New England Conservatory just completed a festival devoted to the music of Alvin Lucier, one of the small number of composers who, during and since the 1960s, has sought to give voice to the different drummers they heard deep inside. Five programs originally were scheduled for Sunday through Tuesday, March 11, 12, and 13, at the Conservatory’s Williams and Jordan Halls. However, last night, NSTAR’s power transformers burst into flames and plunged all of Boston’s Back Bay into darkness, so the anticipated final concert could not take place. This review, therefore, covers the first four of the series.
Alvin Lucier, now 81, is one of the most sensitive, poetic, and challenging of that group of then-young composers who emerged during the 1960s. He began working with electronic music when he became director of the country’s second Electronic Music Studio, established by Irving Fine at Brandeis University in the early 1960s. Working in that studio, Lucier experimented with musique-concrete, loops of sounds made from spliced quarter-inch tape, and feedback systems. Recognizing a connection between electronic circuits and brains, Lucier began experimenting with the musical implications of his own brain waves, a study that resulted in the gentle Music for Solo Performer (1965).
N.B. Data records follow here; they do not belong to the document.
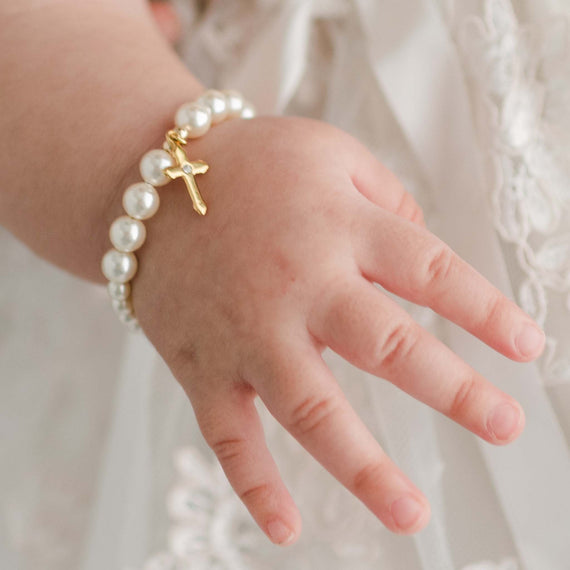 Close detail of Cream Luster Pearl Bracelet with Gold Cross on a baby girl's wrist.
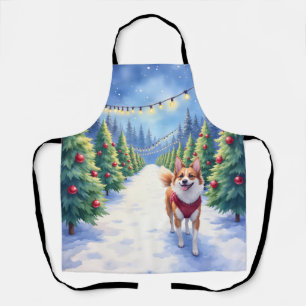 Staffordshire Bull Terrier auf einer Weihnachtsbau Schürze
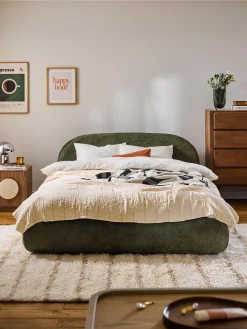 Letto imbottito in teddy bouclé con contenitore Alba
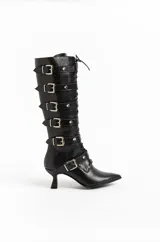 Botas altas de cuero negro con acabado brillante texturado, múltiples tiras con hebillas y tachas plateadas, cordones frontales, punta fina y taco bajo escultural.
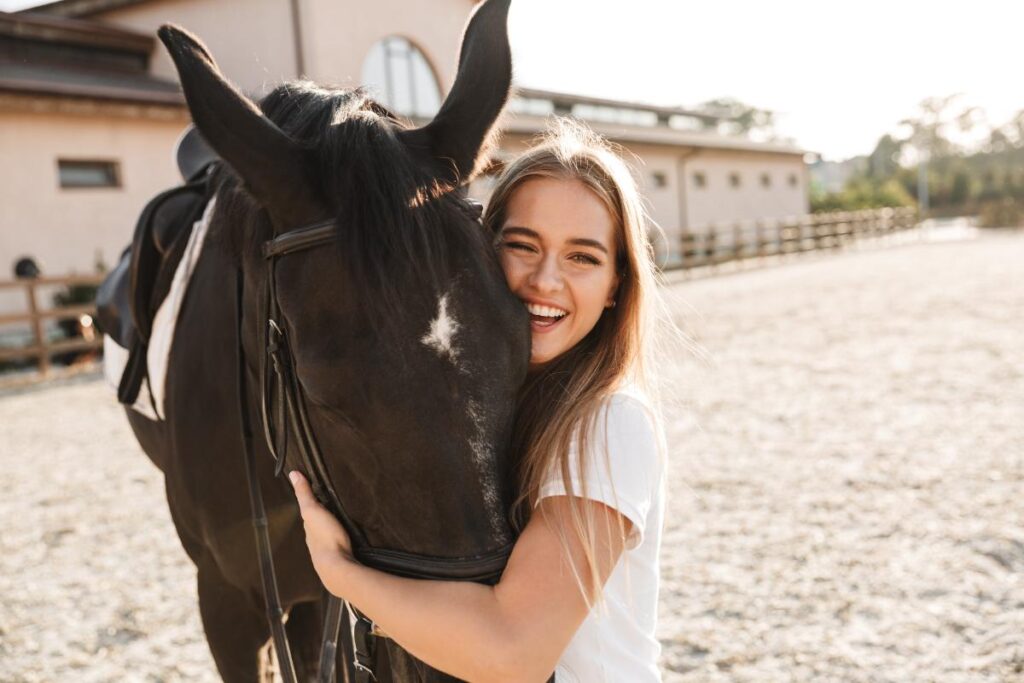 young woman hugging a horse on a ranch participating in equine assisted psychotherapy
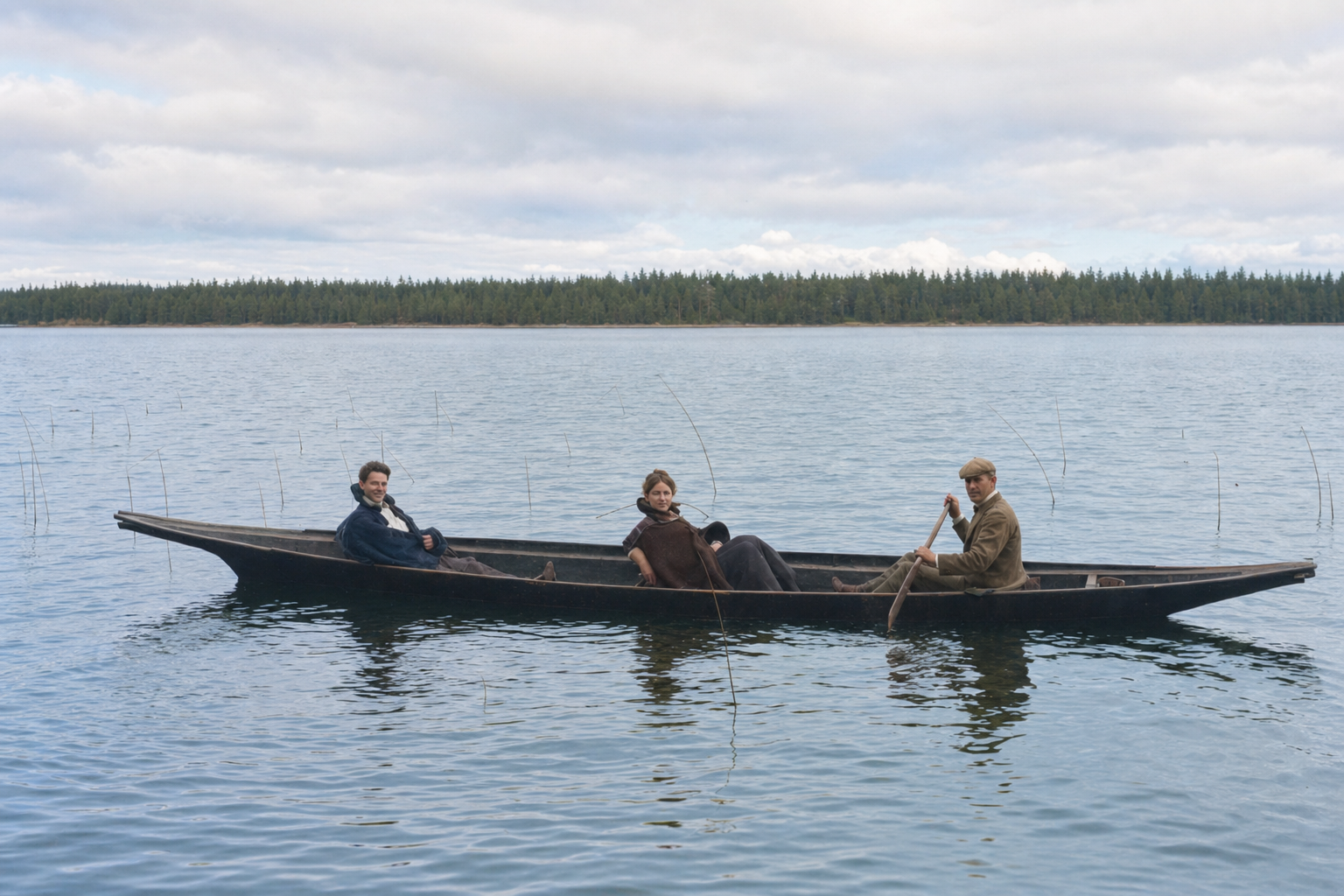 Three figures in a dugout canoe, Seattle, c. 1900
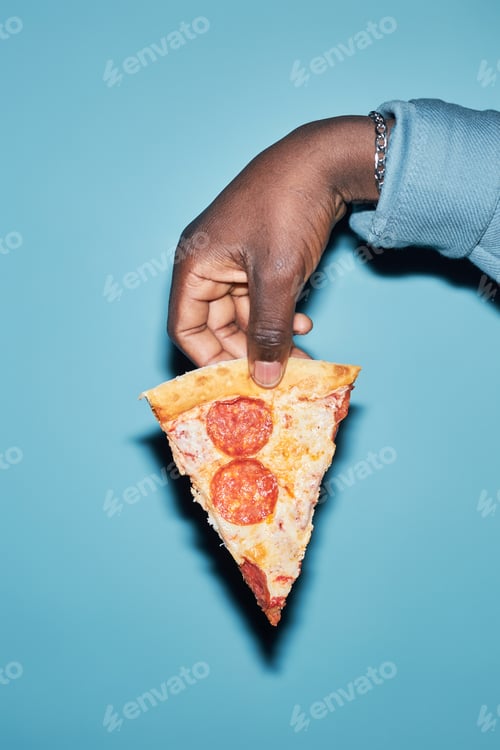 Preview: Male Hand Holding Slice of Pizza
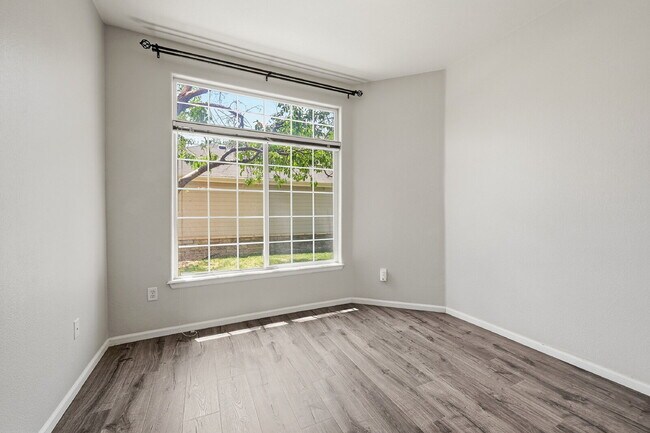 Building Photo - $1,745.95 - Ground-Level 1 Bed + Flex Room | 1.5 Bath Condo with Community Pool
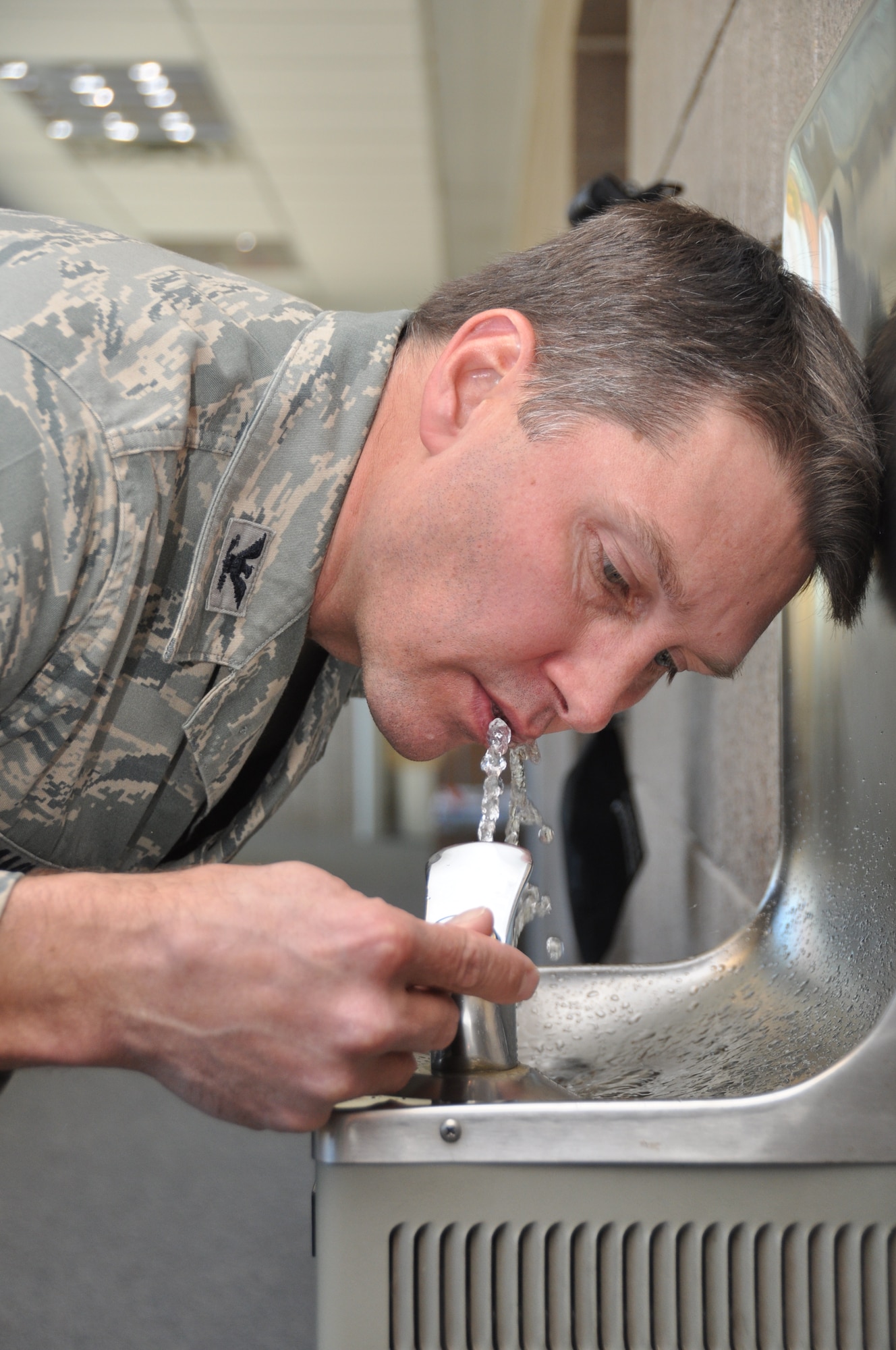 Col. Toby Hammer, 934th Airlift Wing inspector general, takes a drink from one of the base fountains. (Air Force Photo/Senior Airman Noah Johnson)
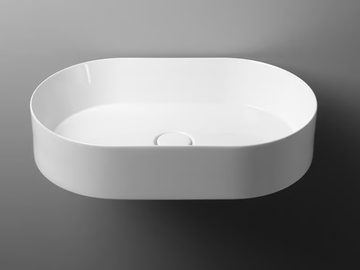 TRACK - Countertop oval single ceramic washbasin by Valdama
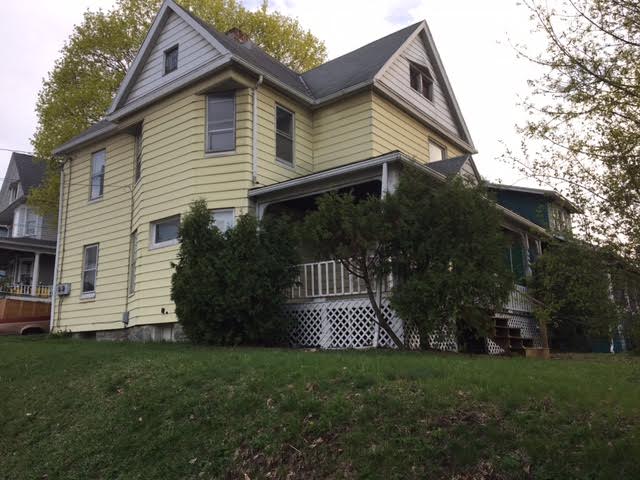 yellow and white house with porch and hedges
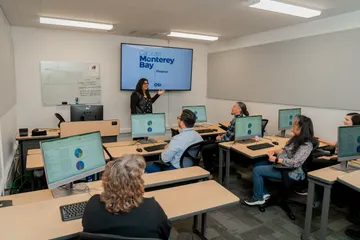 A CSUMB finance staff member presents to colleagues in a training room while standing in front of a display reading 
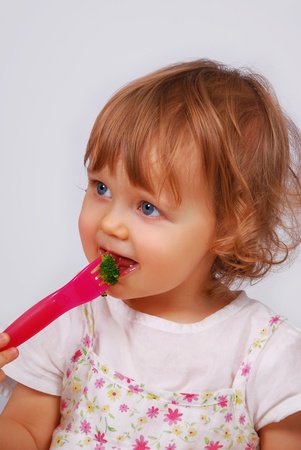 little baby girl eating broccoli by herself using a plastic forkの写真素材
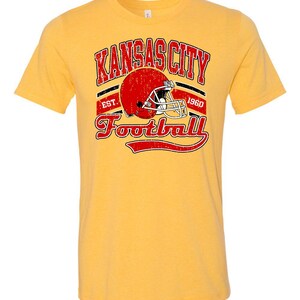 KC Chiefs football helmet distressed unisex t-shirt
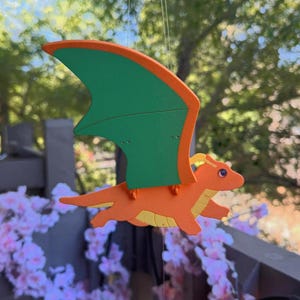 Può includere: Una campanella a vento a forma di drago arancione con ali verdi e dettagli gialli. Il drago è sospeso a mezz'aria, con uno sfondo sfocato di alberi e fiori. Un oggetto decorativo per un giardino o un patio.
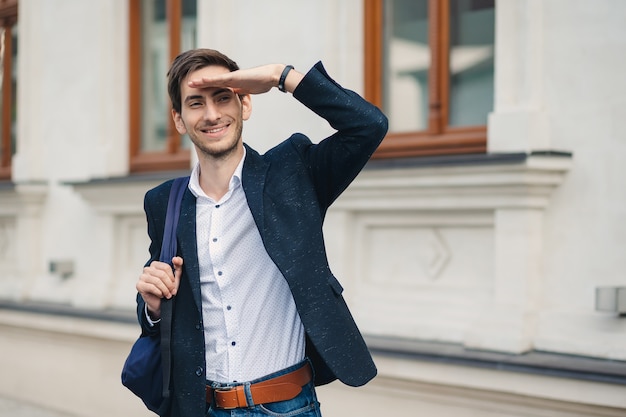 Portrait of young man with backpack who saw a friend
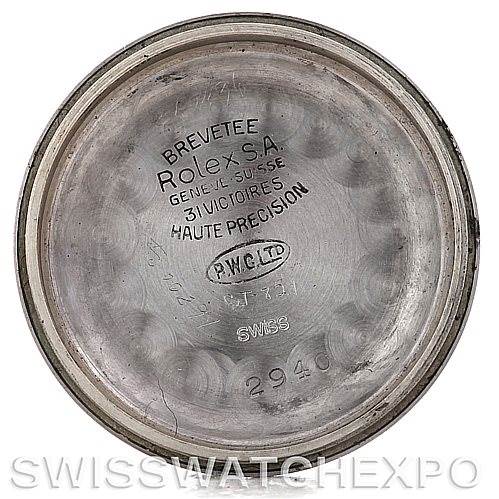 This image shows the inside case back of a Vintage Collection model by Rolex, displaying various engravings and markings.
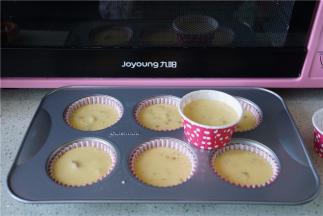 将冷藏好的蛋糕糊挤在纸托里。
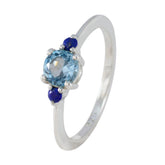 Lili silver ring with round light blue center stone and two small dark blue accents colorful stackable rings for women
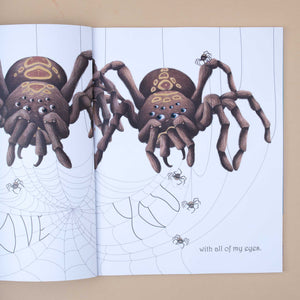 open-book-showing-two-huge-spiders-and-tiny-ones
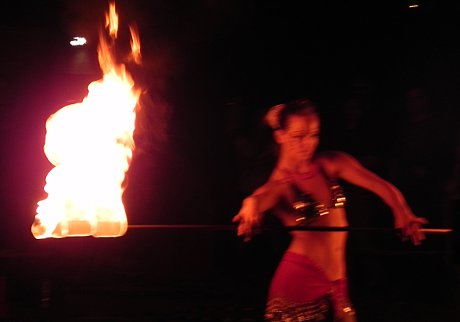 woman dancing with a flaming baton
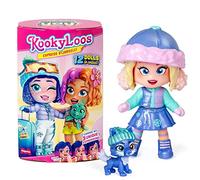 KOOKYLOOS Serie Holiday Yay! - Muñeca sorpresa coleccionable con accesorios de moda, ropa, zapatos y juguetes, con 3 expresiones divertidas
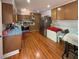 Spacious kitchen with wood floors, a stainless steel refrigerator, and ample cabinetry at 724 Camelot Way, Norcross, GA 30071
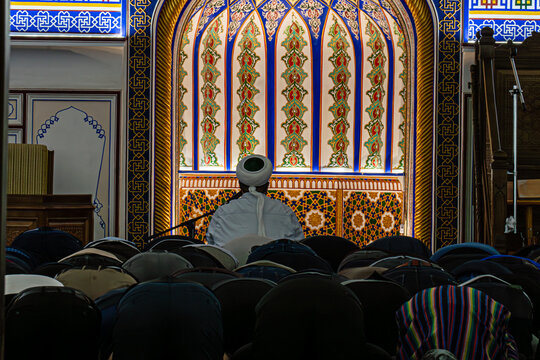 People in a Mosque. Muslims kneeling and bowing down while offering prayers during the Muslim festival of Eid. imam reads a prayer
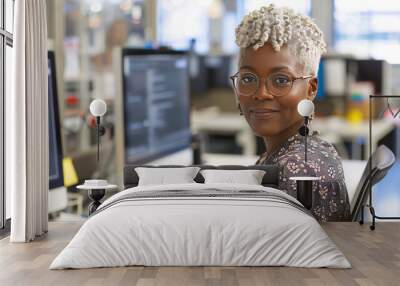 Confident African-American woman with glasses in a modern office setting, featuring a bright smile, stylish silver hair, and elegant floral patterned blouse, surrounded by blurred computer screens Wall mural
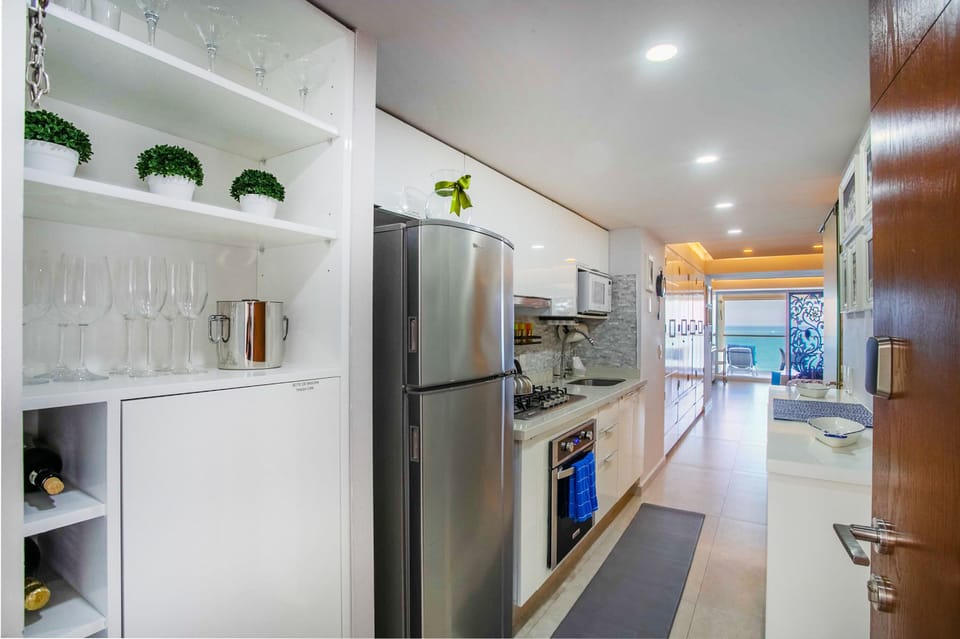 The kitchen is well-stocked with multiple glass wines for a delightful evening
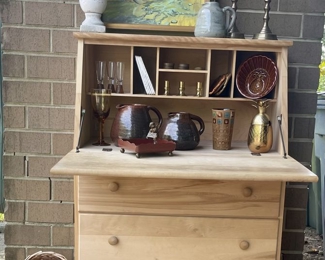 Unfinished slant top desk with lots of cubbies and drawers, a variety of baskets, and home decor.  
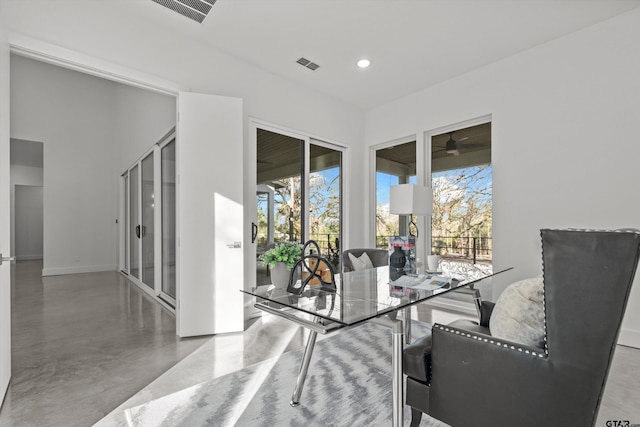 dining area with concrete flooring and ceiling fan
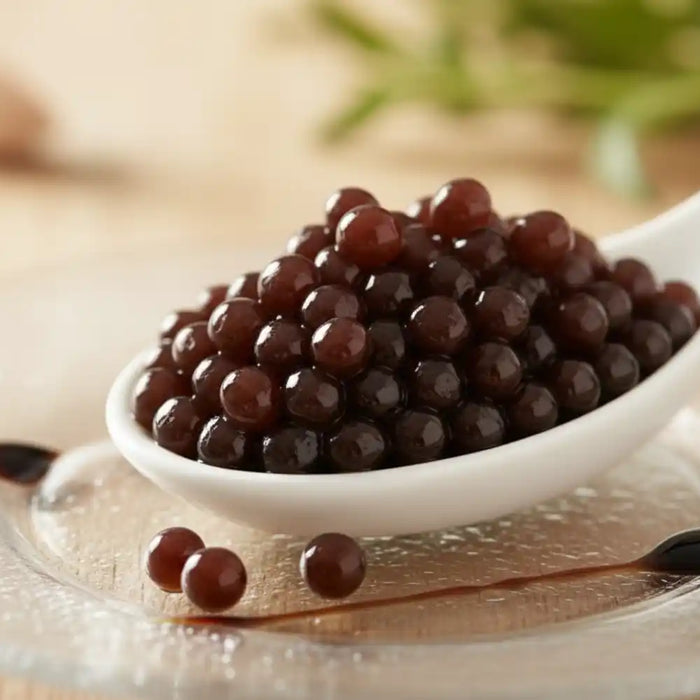 Perles de vinaigre balsamique dans une cuillère blanche sur assiette transparente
Prior to this, Lucier had won a Fulbright Award for study in Italy. He had been composing lovely neoclassic music, pieces in which each pitch was placed into just the right resonant relationship with the surrounding sounding pitches. His intense focus on the effect a sound can have on its environment has remained constant throughout his music. And what music it is! Minimalist before the frenetic minimalism of the New York school, lyrical without being melismatic, austere and economical in its simplicity before the more recent retreat to mediaevalism, both space-filling and filled with space in ways that Stockhausen’s Gruppen for three orchestras can never achieve, Lucier’s music provides a setting that lets the listener realize again that the true place of music-making is in each listener’s head. The absolutely lovely performance by Edward Kass of A Tribute to James Tenney (1986) for solo double bass and pure wave oscillators exemplified this quality beautifully. And that was only one of the many pieces in which this magic quality emerged. The attention to and quality of the performances was outstanding.
Conservatory faculty member Steven Drury assembled Lucier’s music and that of other composers (Feldman, Chopin, Wolff, and others), into programs that were comprehensive, satisfying, and at the same time, still provocative. This exhilarating and freshly awakened quality so present during performances of the festival was, alas, brought to a sudden close by the fire. Perhaps soon, we will get to hear the world premiere of Braid, a work for flute, english horn, clarinet, violins, viola, and cello, and more of Lucier’s music in Jordan Hall. Many of us want to listen closely to more of this unique and lovely music. In the meantime, as a grateful NEC faculty member, I say thank you, Steve, and thank you, Alvin.